Efficiency Mechanisms:
- Estimators that reduce profiling time by ~99%.
- Joint optimization that adapts processor placement to specific sparsity patterns.
- Hotness-based preloading that cuts memory usage by ~28% without sacrificing performance.

4. Experimental Results

The system was evaluated on three edge platforms (Intel Desktop, Intel Laptop, NVIDIA Jetson Orin) using four diverse tasks (Image Classification, Sentiment Analysis, Activity Recognition, Speech Recognition).

SLO Violation Reduction: SparseLoom reduced SLO violation rates by up to 74% compared to state-of-the-art baselines (including systems with adaptive variant selection but no stitching).
Throughput Improvement: Achieved up to 2.31× higher inference throughput compared to the best existing baselines, primarily due to optimized processor placement and the wider variant selection.
Memory Efficiency: Reduced memory overhead by an average of 28% compared to systems that pre-load all variants, while maintaining comparable SLO violation rates.
Profiling Overhead: Reduced profiling time from hours (exhaustive) to under 8 minutes (with estimators), a 99% reduction.

5. Significance

This paper addresses a critical bottleneck in edge AI: the inability of current systems to adapt to diverse and strict SLOs due to a lack of model diversity and inefficient resource utilization.

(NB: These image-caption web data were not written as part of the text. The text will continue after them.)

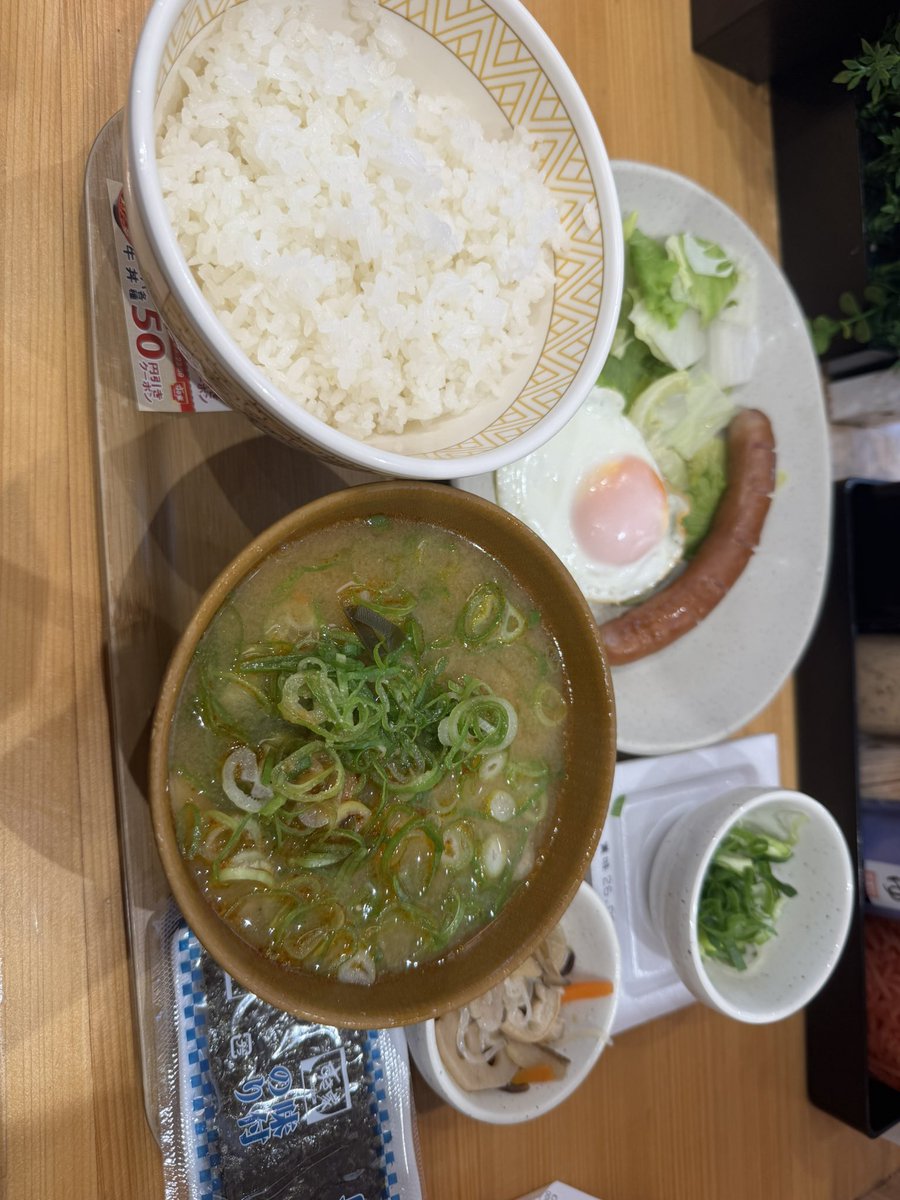 PiPiPoker89s's tweet photo. 朝から気悪い！やけ食い！ https://t.co/RPsRkvHpOC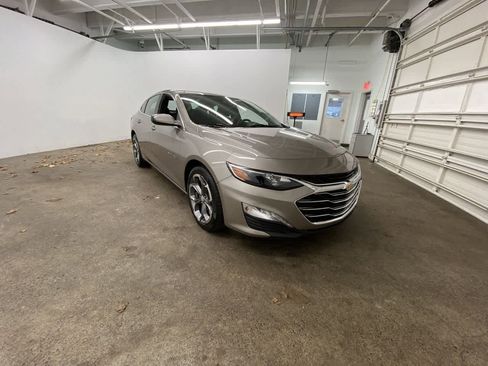 Used 2023 Chevrolet Malibu LT image 8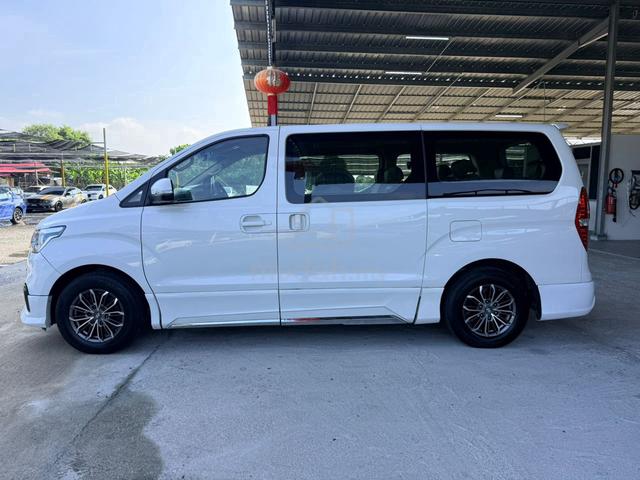 2019 Hyundai GRAND STAREX 2.5 EXECUTIVE PLUS - 5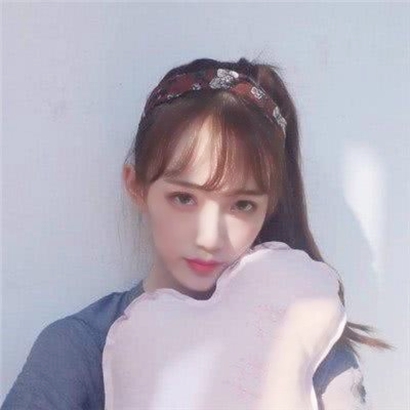 真实感正脸女生头像|高清真人风女生正面头像图片 女生头像 第4张 真实感正脸女生头像|高清真人风女生正面头像图片 女生头像 第4张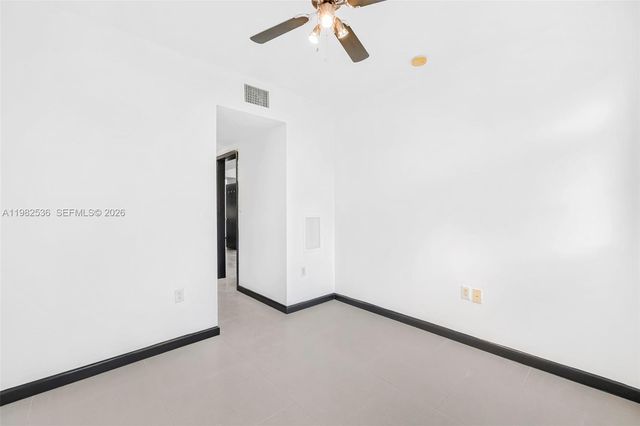 1876 SW 11th Ter 302, Miami, FL 33135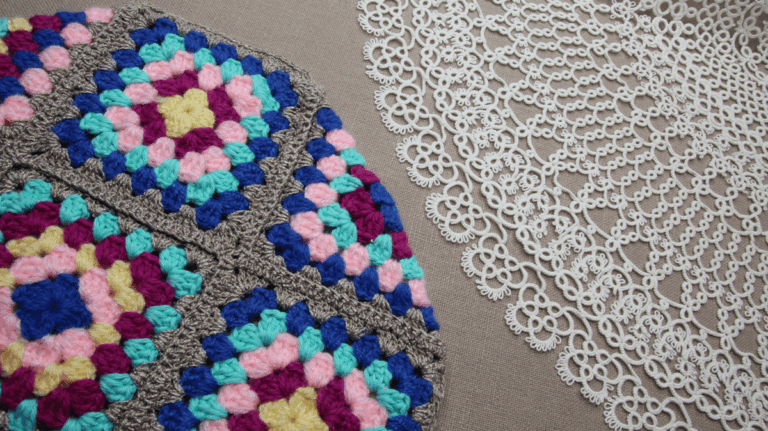 Close-up comparison of tatting and crochet — a delicate white tatted doily designed by Renata Niemczyk next to a soft crochet bag made of yarn.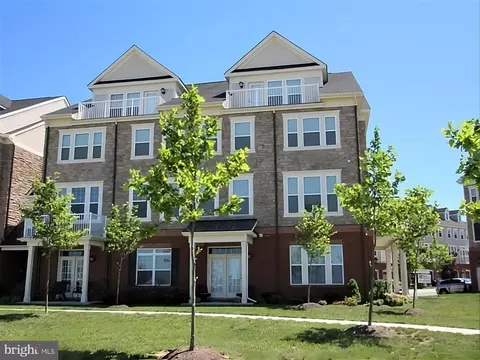 42581 Sunset Ridge Sq, Ashburn, VA 20148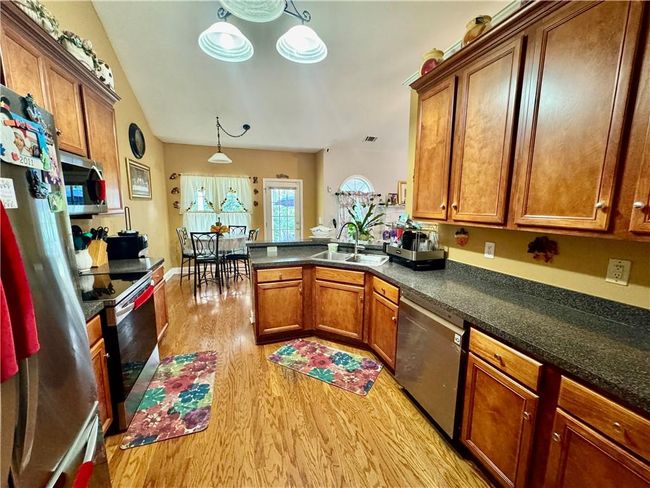1902 Commons View Cir, House other with 4 bedrooms, 2 bathrooms and null parking in Snellville GA | Image 12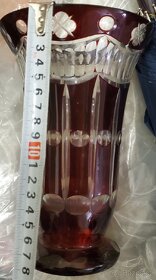 dvě květinové vázy. jedno masivní české sklo - 2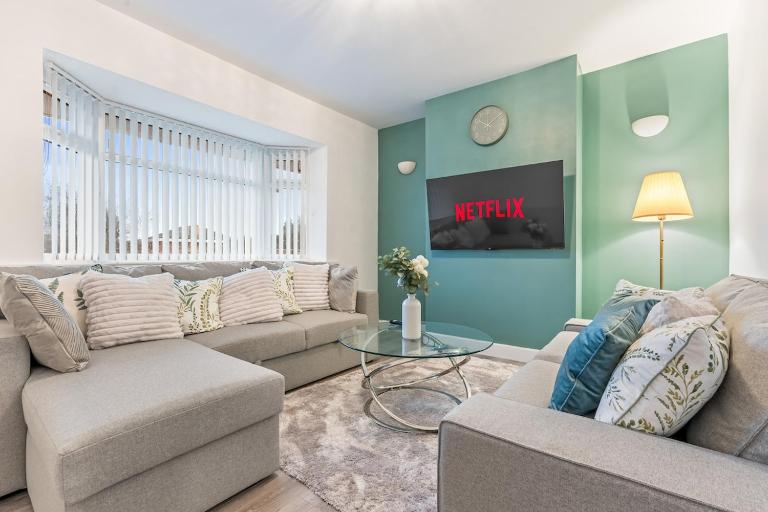 Zuri Luxe Escape - Wolverhampton - Bed and Breakfast Bilston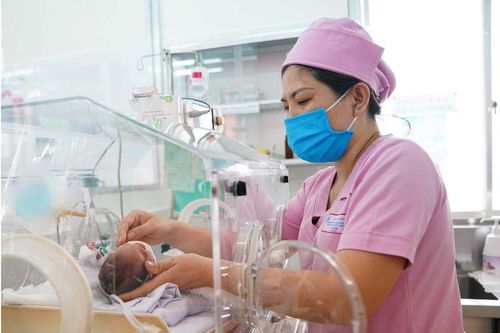 Phụ nữ ở 21 tỉnh, thành phố sẽ được thưởng nếu sinh đủ 2 con trước 35 tuổi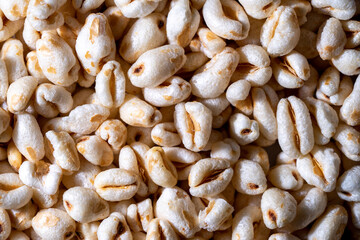 Set of innumerable white grains of inflated oat seen from above.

Paradigm Shift: It moves beyond static model selection to dynamic, training-free model composition (stitching).
Practical Deployment: By solving the scalability (profiling) and memory (preloading) challenges, SparseLoom makes advanced multi-DNN inference feasible on resource-constrained edge devices.
Generalizability: The approach is applicable to various DNN architectures (CNNs, Transformers) and hardware platforms, offering a blueprint for future heterogeneous edge computing systems.